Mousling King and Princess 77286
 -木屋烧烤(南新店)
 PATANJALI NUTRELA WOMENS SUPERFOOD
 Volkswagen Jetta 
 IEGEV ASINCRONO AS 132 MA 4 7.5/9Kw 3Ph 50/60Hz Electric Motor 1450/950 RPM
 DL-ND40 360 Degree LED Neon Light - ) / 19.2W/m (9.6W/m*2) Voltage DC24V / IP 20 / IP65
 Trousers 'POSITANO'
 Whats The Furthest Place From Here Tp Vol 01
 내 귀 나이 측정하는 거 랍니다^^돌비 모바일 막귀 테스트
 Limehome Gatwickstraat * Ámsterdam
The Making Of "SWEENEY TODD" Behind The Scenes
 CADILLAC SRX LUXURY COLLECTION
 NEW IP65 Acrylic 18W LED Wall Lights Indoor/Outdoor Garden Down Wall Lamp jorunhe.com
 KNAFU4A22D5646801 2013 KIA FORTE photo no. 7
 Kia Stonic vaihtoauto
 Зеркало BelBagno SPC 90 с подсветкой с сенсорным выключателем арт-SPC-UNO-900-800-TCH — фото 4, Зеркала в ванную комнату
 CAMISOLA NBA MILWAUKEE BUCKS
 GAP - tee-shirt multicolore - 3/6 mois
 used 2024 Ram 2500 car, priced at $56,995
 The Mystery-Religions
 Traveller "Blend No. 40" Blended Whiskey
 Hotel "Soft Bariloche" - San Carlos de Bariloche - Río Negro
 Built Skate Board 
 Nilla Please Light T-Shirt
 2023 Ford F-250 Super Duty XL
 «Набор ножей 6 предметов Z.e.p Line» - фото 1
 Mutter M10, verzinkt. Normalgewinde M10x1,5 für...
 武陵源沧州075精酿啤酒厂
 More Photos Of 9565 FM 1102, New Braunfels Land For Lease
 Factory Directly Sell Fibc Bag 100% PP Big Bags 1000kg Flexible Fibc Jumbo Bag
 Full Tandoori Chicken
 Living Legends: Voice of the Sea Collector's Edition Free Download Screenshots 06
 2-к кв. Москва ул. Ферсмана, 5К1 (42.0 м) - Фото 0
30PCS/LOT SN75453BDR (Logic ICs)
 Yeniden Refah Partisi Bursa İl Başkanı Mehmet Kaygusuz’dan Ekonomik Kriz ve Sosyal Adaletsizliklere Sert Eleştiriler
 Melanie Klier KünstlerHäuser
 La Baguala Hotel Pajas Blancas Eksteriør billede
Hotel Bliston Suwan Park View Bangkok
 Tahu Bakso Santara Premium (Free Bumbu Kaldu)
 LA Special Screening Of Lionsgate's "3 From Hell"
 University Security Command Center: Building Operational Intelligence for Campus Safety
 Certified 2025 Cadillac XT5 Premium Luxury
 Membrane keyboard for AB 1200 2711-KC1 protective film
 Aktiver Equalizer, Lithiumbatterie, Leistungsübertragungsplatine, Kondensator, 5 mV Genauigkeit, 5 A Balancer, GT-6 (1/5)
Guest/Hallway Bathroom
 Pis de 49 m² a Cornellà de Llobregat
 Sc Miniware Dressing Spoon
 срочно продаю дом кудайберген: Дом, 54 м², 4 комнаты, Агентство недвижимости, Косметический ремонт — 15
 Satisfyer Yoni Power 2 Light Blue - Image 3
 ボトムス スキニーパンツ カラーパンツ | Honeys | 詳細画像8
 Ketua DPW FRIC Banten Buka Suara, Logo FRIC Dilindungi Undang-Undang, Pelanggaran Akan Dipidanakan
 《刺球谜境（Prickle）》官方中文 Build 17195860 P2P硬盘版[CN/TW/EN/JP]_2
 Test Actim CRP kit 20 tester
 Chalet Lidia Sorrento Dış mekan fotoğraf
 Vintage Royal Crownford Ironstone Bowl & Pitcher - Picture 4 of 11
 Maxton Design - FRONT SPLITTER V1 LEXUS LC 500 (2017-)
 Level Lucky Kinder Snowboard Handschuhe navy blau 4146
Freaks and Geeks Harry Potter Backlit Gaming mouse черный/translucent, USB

────────────────────────────────────────

GOAL OF THE EXERCISE: Every line of the material needs to be returned exactly.

ANSWER TO THE EXERCISE:
Mousling King and Princess 77286
 -木屋烧烤(南新店)
 PATANJALI NUTRELA WOMENS SUPERFOOD
 Volkswagen Jetta 
 IEGEV ASINCRONO AS 132 MA 4 7.5/9Kw 3Ph 50/60Hz Electric Motor 1450/950 RPM
 DL-ND40 360 Degree LED Neon Light - ) / 19.2W/m (9.6W/m*2) Voltage DC24V / IP 20 / IP65
 Trousers 'POSITANO'
 Whats The Furthest Place From Here Tp Vol 01
 내 귀 나이 측정하는 거 랍니다^^돌비 모바일 막귀 테스트
 Limehome Gatwickstraat * Ámsterdam
The Making Of "SWEENEY TODD" Behind The Scenes
 CADILLAC SRX LUXURY COLLECTION
 NEW IP65 Acrylic 18W LED Wall Lights Indoor/Outdoor Garden Down Wall Lamp jorunhe.com
 KNAFU4A22D5646801 2013 KIA FORTE photo no. 7
 Kia Stonic vaihtoauto
 Зеркало BelBagno SPC 90 с подсветкой с сенсорным выключателем арт-SPC-UNO-900-800-TCH — фото 4, Зеркала в ванную комнату
 CAMISOLA NBA MILWAUKEE BUCKS
 GAP - tee-shirt multicolore - 3/6 mois
 used 2024 Ram 2500 car, priced at $56,995
 The Mystery-Religions
 Traveller "Blend No. 40" Blended Whiskey
 Hotel "Soft Bariloche" - San Carlos de Bariloche - Río Negro
 Built Skate Board 
 Nilla Please Light T-Shirt
 2023 Ford F-250 Super Duty XL
 «Набор ножей 6 предметов Z.e.p Line» - фото 1
 Mutter M10, verzinkt. Normalgewinde M10x1,5 für...
 武陵源沧州075精酿啤酒厂
 More Photos Of 9565 FM 1102, New Braunfels Land For Lease
 Factory Directly Sell Fibc Bag 100% PP Big Bags 1000kg Flexible Fibc Jumbo Bag
 Full Tandoori Chicken
 Living Legends: Voice of the Sea Collector's Edition Free Download Screenshots 06
 2-к кв. Москва ул. Ферсмана, 5К1 (42.0 м) - Фото 0
30PCS/LOT SN75453BDR (Logic ICs)
 Yeniden Refah Partisi Bursa İl Başkanı Mehmet Kaygusuz’dan Ekonomik Kriz ve Sosyal Adaletsizliklere Sert Eleştiriler
 Melanie Klier KünstlerHäuser
 La Baguala Hotel Pajas Blancas Eksteriør billede
Hotel Bliston Suwan Park View Bangkok
 Tahu Bakso Santara Premium (Free Bumbu Kaldu)
 LA Special Screening Of Lionsgate's "3 From Hell"
 University Security Command Center: Building Operational Intelligence for Campus Safety
 Certified 2025 Cadillac XT5 Premium Luxury
 Membrane keyboard for AB 1200 2711-KC1 protective film
 Aktiver Equalizer, Lithiumbatterie, Leistungsübertragungsplatine, Kondensator, 5 mV Genauigkeit, 5 A Balancer, GT-6 (1/5)
Guest/Hallway Bathroom
 Pis de 49 m² a Cornellà de Llobregat
 Sc Miniware Dressing Spoon
 срочно продаю дом кудайберген: Дом, 54 м², 4 комнаты, Агентство недвижимости, Косметический ремонт — 15
 Satisfyer Yoni Power 2 Light Blue - Image 3
 ボトムス スキニーパンツ カラーパンツ | Honeys | 詳細画像8
 Ketua DPW FRIC Banten Buka Suara, Logo FRIC Dilindungi Undang-Undang, Pelanggaran Akan Dipidanakan
 《刺球谜境（Prickle）》官方中文 Build 17195860 P2P硬盘版[CN/TW/EN/JP]_2
 Test Actim CRP kit 20 tester
 Chalet Lidia Sorrento Dış mekan fotoğraf
 Vintage Royal Crownford Ironstone Bowl & Pitcher - Picture 4 of 11
 Maxton Design - FRONT SPLITTER V1 LEXUS LC 500 (2017-)
 Level Lucky Kinder Snowboard Handschuhe navy blau 4146
Freaks and Geeks Harry Potter Backlit Gaming mouse черный/translucent, USB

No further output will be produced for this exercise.